-- RECORDS SUPPLIED follows --

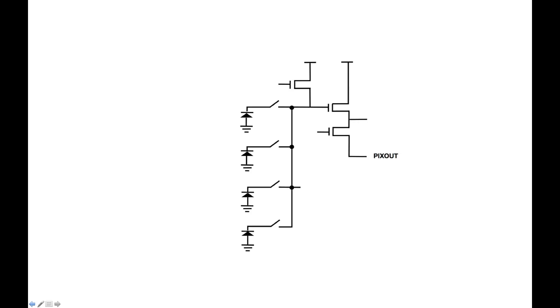We have to take creative measures to reduce the number of transistors in the pixel. Typically the first thing we have to do is get rid of the select transistor, and once that's done we have to add multiple cycles to the pixel readout time. Smaller pixels also tend to be noisier because there's a smaller area available for the source follower transistor, which to a large extent determines the noise performance of the device.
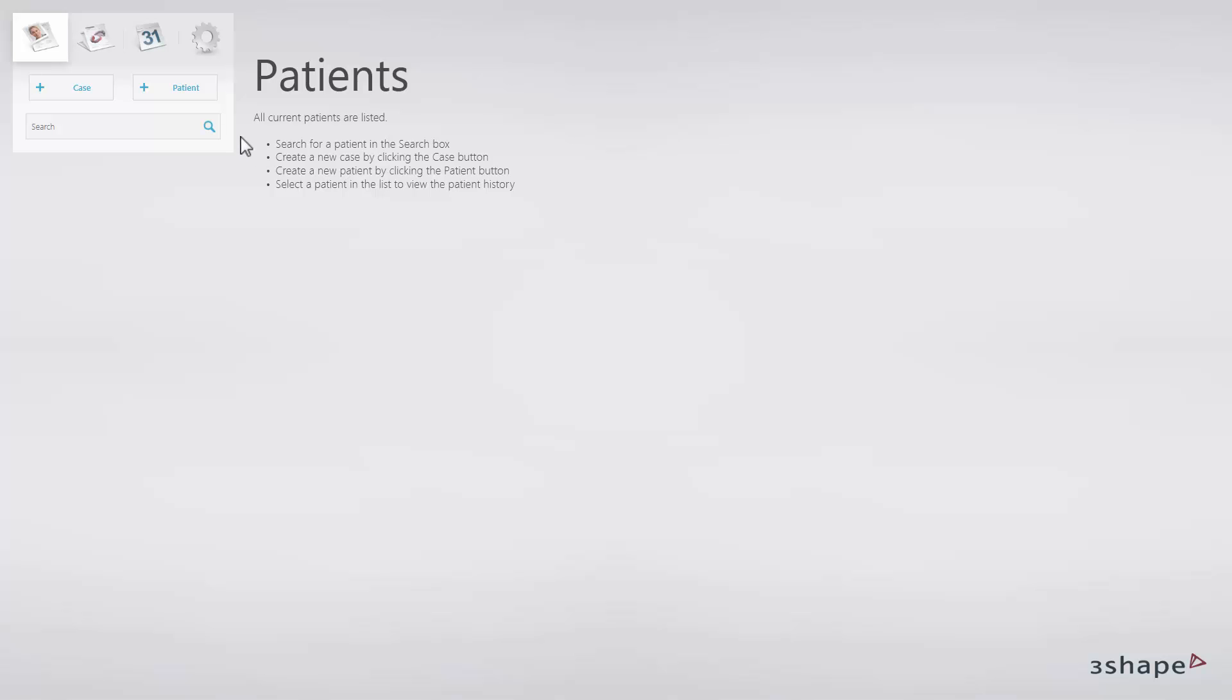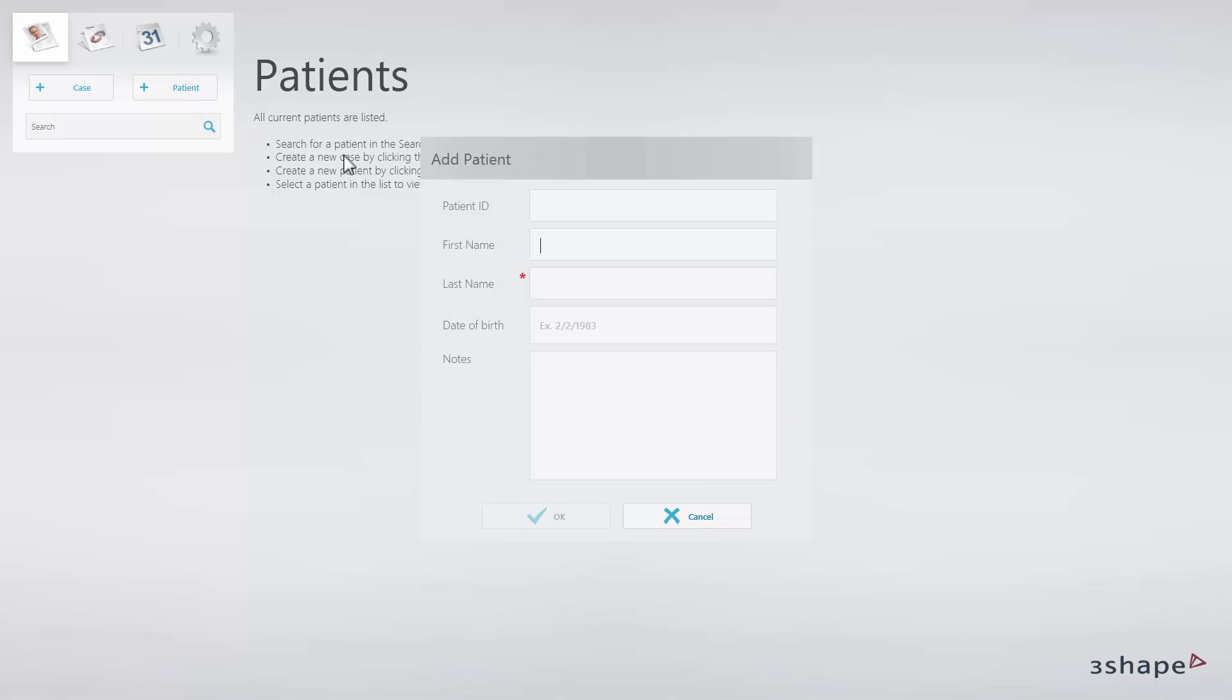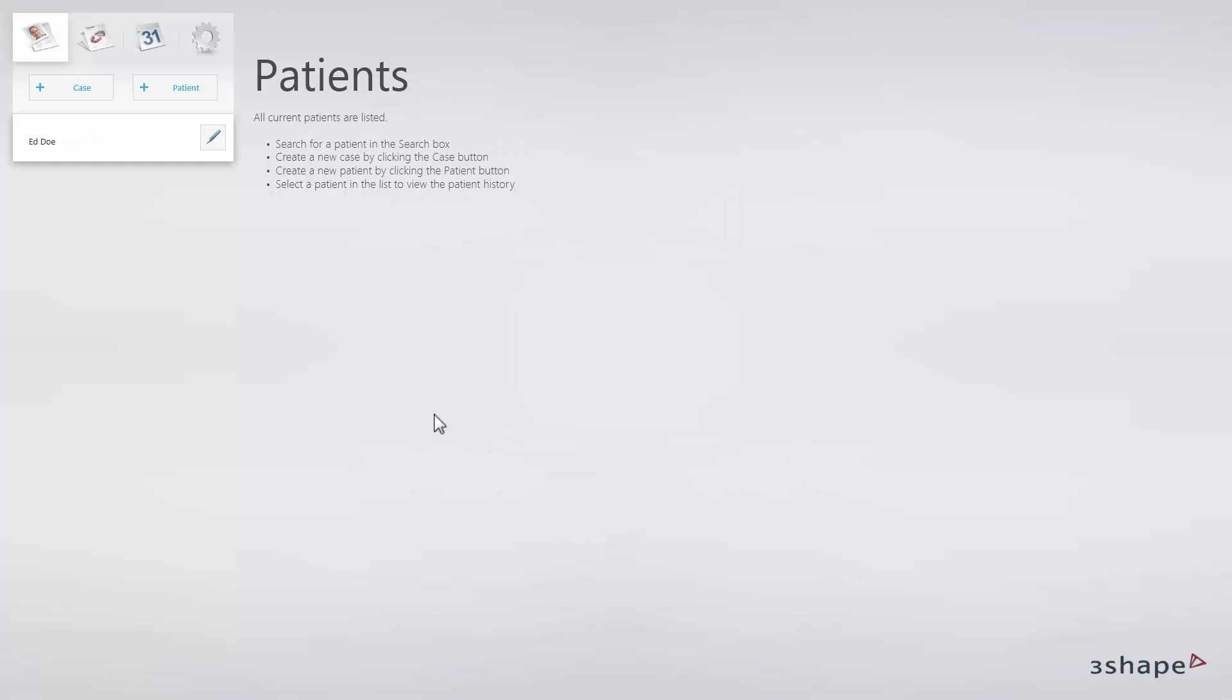To create a new patient, click Patient. Please fill out the required fields and click OK. The patient list will appear in the upper left corner.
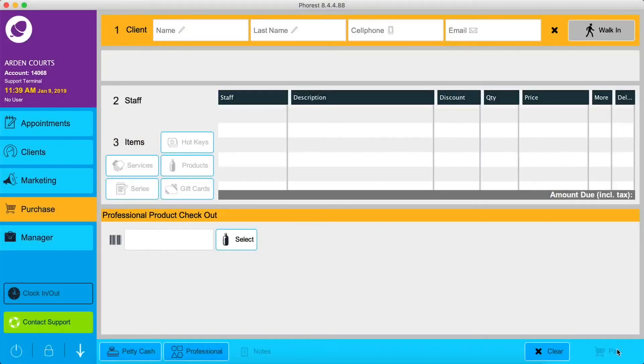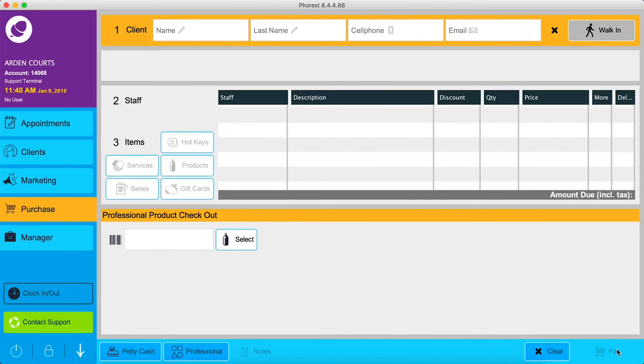You've now checked out a product for professional use. For a list of products used professionally in your salon, the product usage and product usage details can be found in the Reports section of your Manager tab.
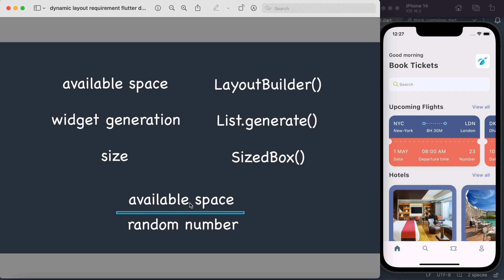The basic math here is: we have the available space, which is the most important one, and we get it through LayoutBuilder. Then we have a random number — we divide the available space by this random number to generate a certain count, and that count is given to List.generate, which then generates a certain number of widgets for us.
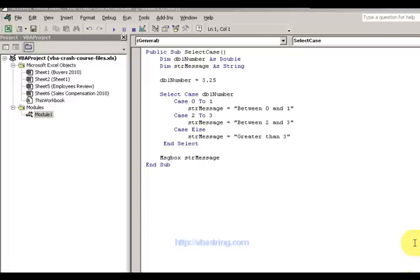Hey everyone, this is Eric. Now we're going to go to the Select Case statement. This is the VLOCA's rule statement — it's a little bit easier to read than the if-then statement. Make sure you look at the video for the if-then statement if you haven't seen it already.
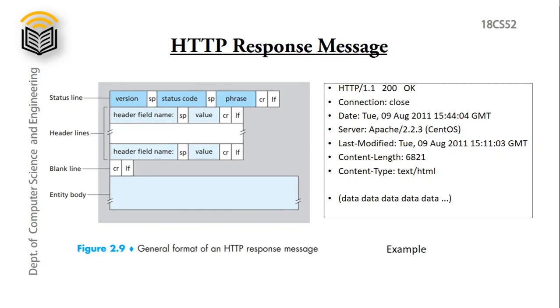Now we will see an example. So in the status line, we have HTTP 1.1 as the version name. Next is status code which is 200 with the phrase OK which is associated with the status code. We will know about status code in the next slide.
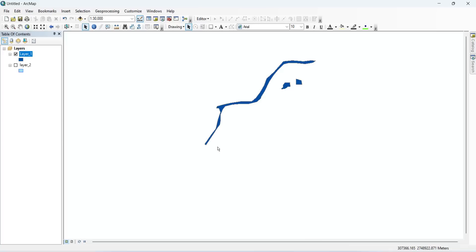Great, it looks like our copied features have been successfully pasted into the new shapefile. In this tutorial we have learned how to copy and paste features from one shapefile to another using ArcMap. This can be a useful tool for combining features from different shapefiles or for copying specific sets of features to a new shapefile. Thank you for watching.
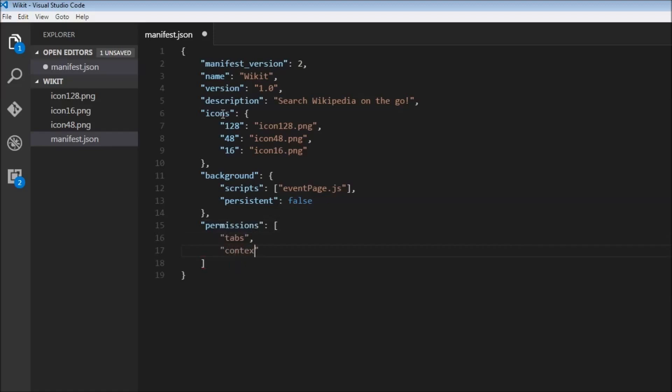Alright, so that's our manifest. Let's create our event page in the next video.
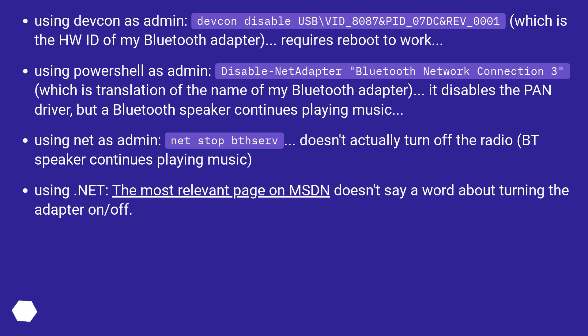Using Net as admin: Net Stop doesn't actually turn off the radio. Bluetooth speaker continues playing music.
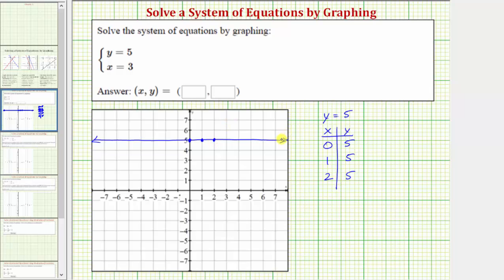Next we have x equals three. For x equals three, we should recognize this is going to be a vertical line passing through the horizontal axis at x equals three, and will look like this.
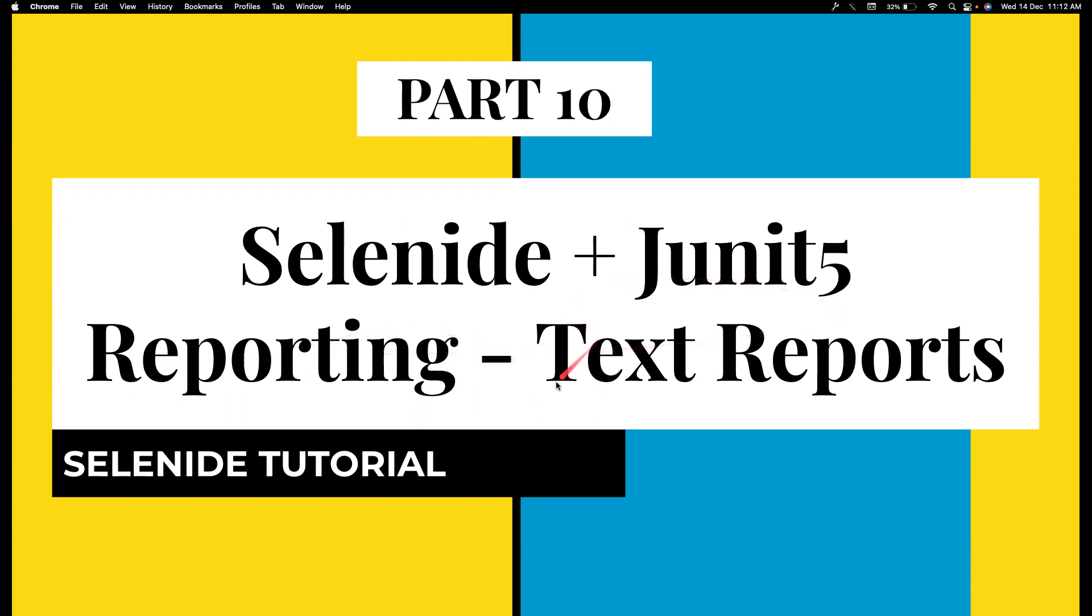But Selenide also supports text reports, and it has an integration with Allure if you want to create new reports. But we are going to only cover text reports in this particular video. Again, creating a new report is your wish, but I'm very happy with JUnit report and the text report.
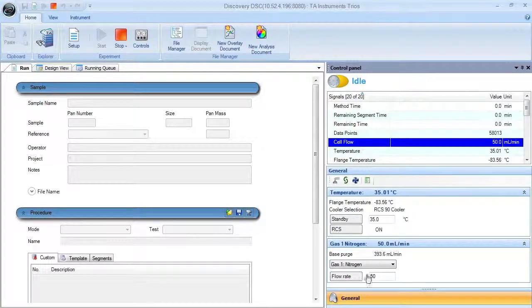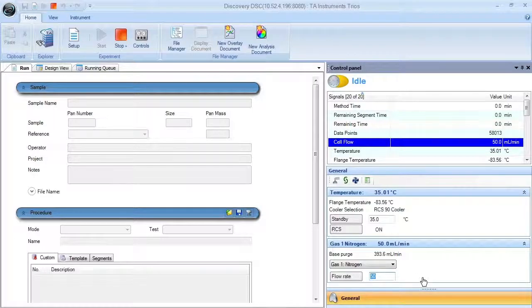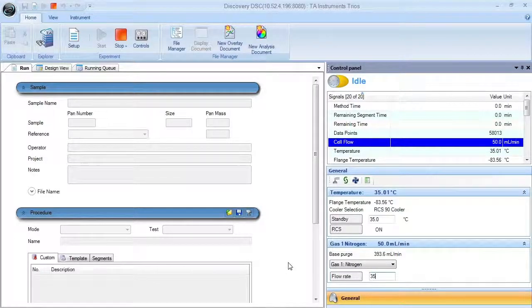To edit the flow rate, type in the flow rate value into this box and then select Flow Rate.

-- RECORDS SUPPLIED concluded --

**TASK DIRECTIONS**
After removing the pictures, set down every record above exactly as it stands.

**ANSWER TO THIS EXERCISE**
We have to take creative measures to reduce the number of transistors in the pixel. Typically the first thing we have to do is get rid of the select transistor, and once that's done we have to add multiple cycles to the pixel readout time. Smaller pixels also tend to be noisier because there's a smaller area available for the source follower transistor, which to a large extent determines the noise performance of the device.
To create a new patient, click Patient. Please fill out the required fields and click OK. The patient list will appear in the upper left corner.
You've now checked out a product for professional use. For a list of products used professionally in your salon, the product usage and product usage details can be found in the Reports section of your Manager tab.
The basic math here is: we have the available space, which is the most important one, and we get it through LayoutBuilder. Then we have a random number — we divide the available space by this random number to generate a certain count, and that count is given to List.generate, which then generates a certain number of widgets for us.
Hey everyone, this is Eric. Now we're going to go to the Select Case statement. This is the VLOCA's rule statement — it's a little bit easier to read than the if-then statement. Make sure you look at the video for the if-then statement if you haven't seen it already.
Now we will see an example. So in the status line, we have HTTP 1.1 as the version name. Next is status code which is 200 with the phrase OK which is associated with the status code. We will know about status code in the next slide.
Great, it looks like our copied features have been successfully pasted into the new shapefile. In this tutorial we have learned how to copy and paste features from one shapefile to another using ArcMap. This can be a useful tool for combining features from different shapefiles or for copying specific sets of features to a new shapefile. Thank you for watching.
Alright, so that's our manifest. Let's create our event page in the next video.
Using Net as admin: Net Stop doesn't actually turn off the radio. Bluetooth speaker continues playing music.
Next we have x equals three. For x equals three, we should recognize this is going to be a vertical line passing through the horizontal axis at x equals three, and will look like this.
But Selenide also supports text reports, and it has an integration with Allure if you want to create new reports. But we are going to only cover text reports in this particular video. Again, creating a new report is your wish, but I'm very happy with JUnit report and the text report.
To edit the flow rate, type in the flow rate value into this box and then select Flow Rate.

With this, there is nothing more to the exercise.